大阪地裁判決を受けた記者会見で「異常な働き方だったと認めてくれた」と語る男性教諭=大阪市北区で2024年8月9日午後2時27分、土田暁彦撮影

 長時間労働で適応障害を発症したとして、東大阪市立中学の男性教諭(43)が大阪府と市に慰謝料など計330万円の損害賠償を求めた訴訟の判決が9日、大阪地裁であった。小川嘉基裁判長は男性の負担軽減を講じなかった校長の注意義務違反を認め、府と市に計220万円の支払いを命じた。

 授業内容の複雑化や部活動の指導などで教員の負担は増しており、「ブラック職場」と呼ばれることが少なくない。この訴訟では過酷な勤務実態の一端が明らかになった。
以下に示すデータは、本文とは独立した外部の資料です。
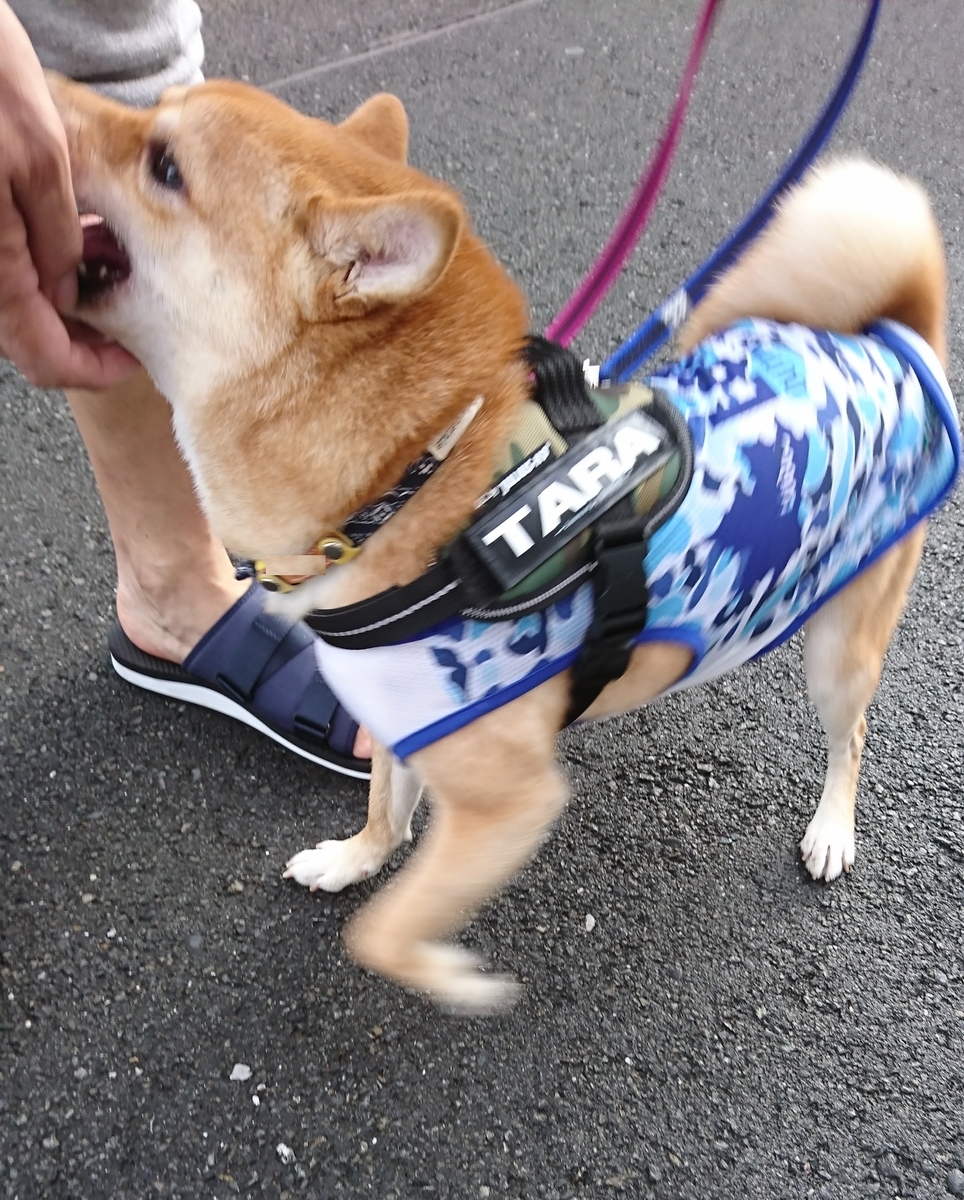 f:id:hanatara:20190825134408j:plain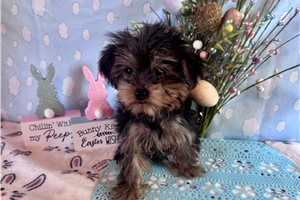 Dexter - Yorkshire Terrier - Yorkie for sale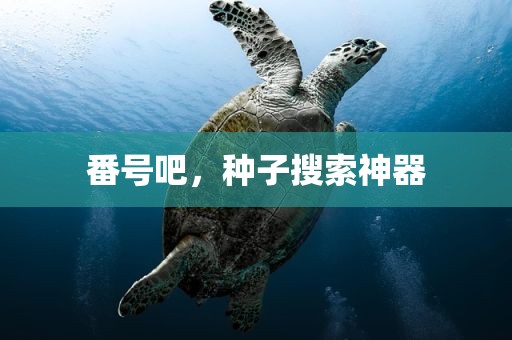 番号吧，种子搜索神器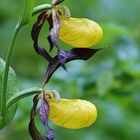 Der Frauenschuh, Königin der Orchideen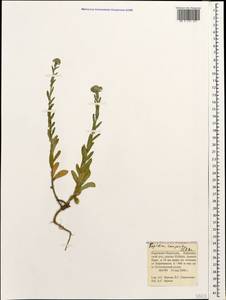 Клоповник полевой, Кресс полевой (L.) W.T.Aiton, Кавказ, Ставропольский край, Карачаево-Черкесия, Кабардино-Балкария (K1b) (Россия)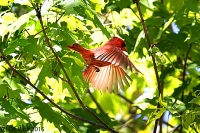 Northern Cardinal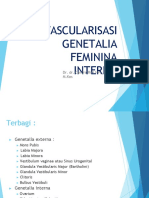 Vascularisasi Genetalia Feminina Interna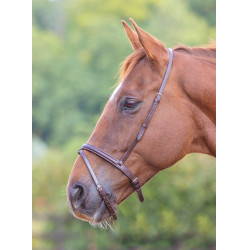 Muserolle française flash Shires Velociti Gara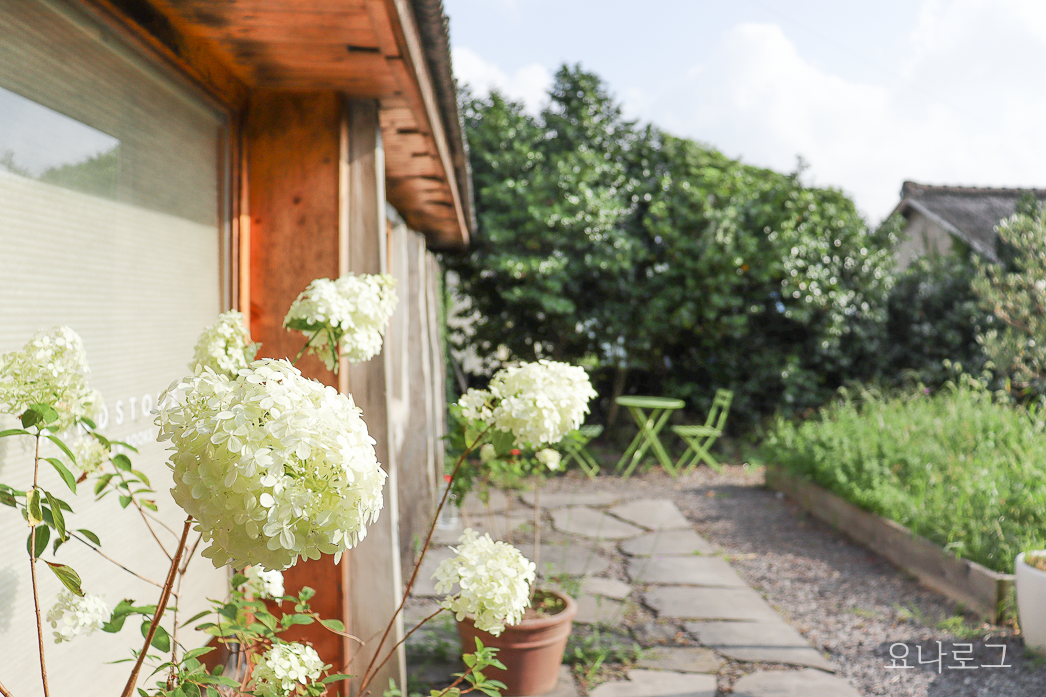 제주 카페 제주 카페 추천 제주 여행 제주도 여행 애월 카페 애월 카페 추천 예쁜 애월 카페 제주 예쁜 카페 나홀로 제주 제주 나홀로 제주여행 제주 나홀로 여행 제주 예쁜 카페 추천 애월 윈드스톤 애월 윈드스톤 제주 윈드스톤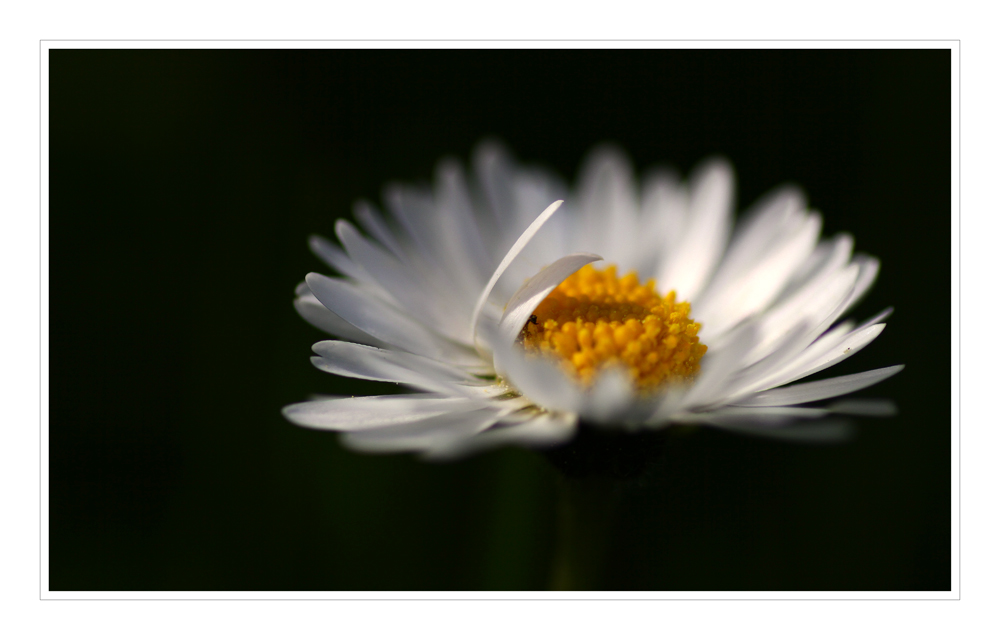 Gänseblümchen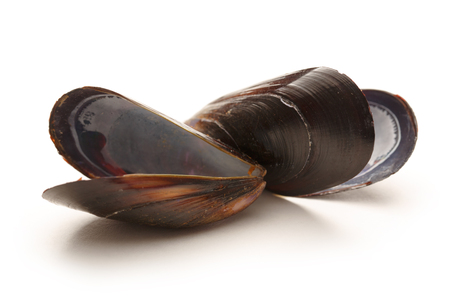 Empty sea mussels on the white backgroundの写真素材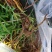 野生红茜草，山东沂蒙山脉，淄博峨庄国家森林公园境内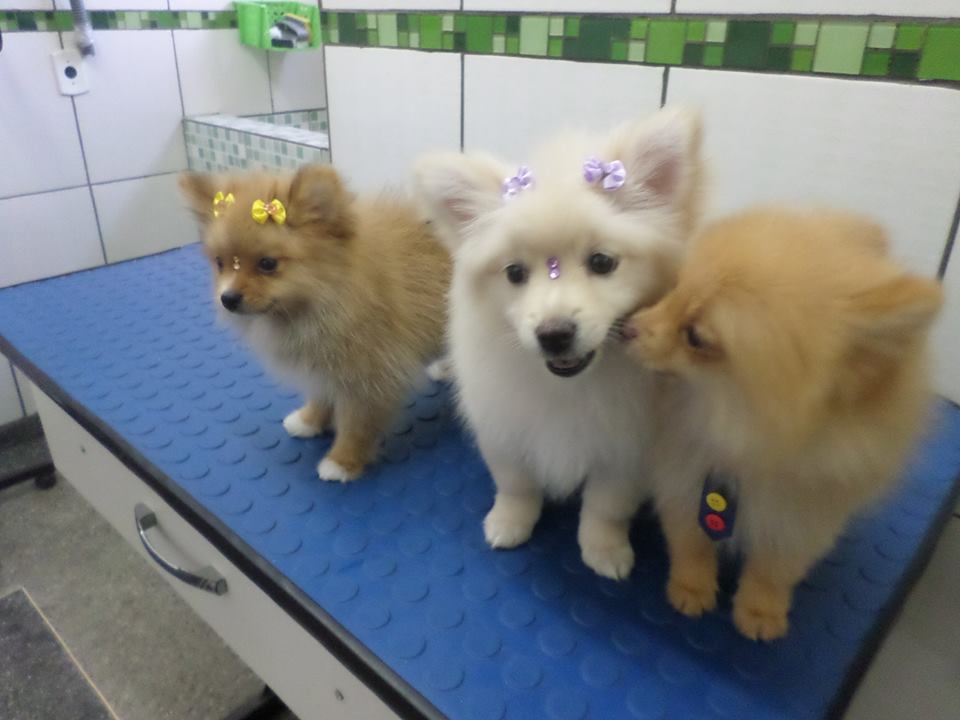 DISK RACAO EM CEILANDIA - DUPET - DF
 東大阪市は原告の求めに応じる形で、教職員らの残業時間が記された一覧表を裁判所に提出した。原告が2021年11月に適応障害と診断される直前までの7カ月分のデータ。大型連休と夏休みがある5月と8月を除き、残業が月100時間を超える教職員は50人以上いると読み取れる。1カ月で202時間と記載されている教職員もいた。

 残業が月に100時間を超える場合などの「過労死ライン」に達すると、公務災害の認定基準に当てはまることになる。心身のバランスを崩して休職した教員は増えており、公立学校では22年度に過去最多の6539人に上った。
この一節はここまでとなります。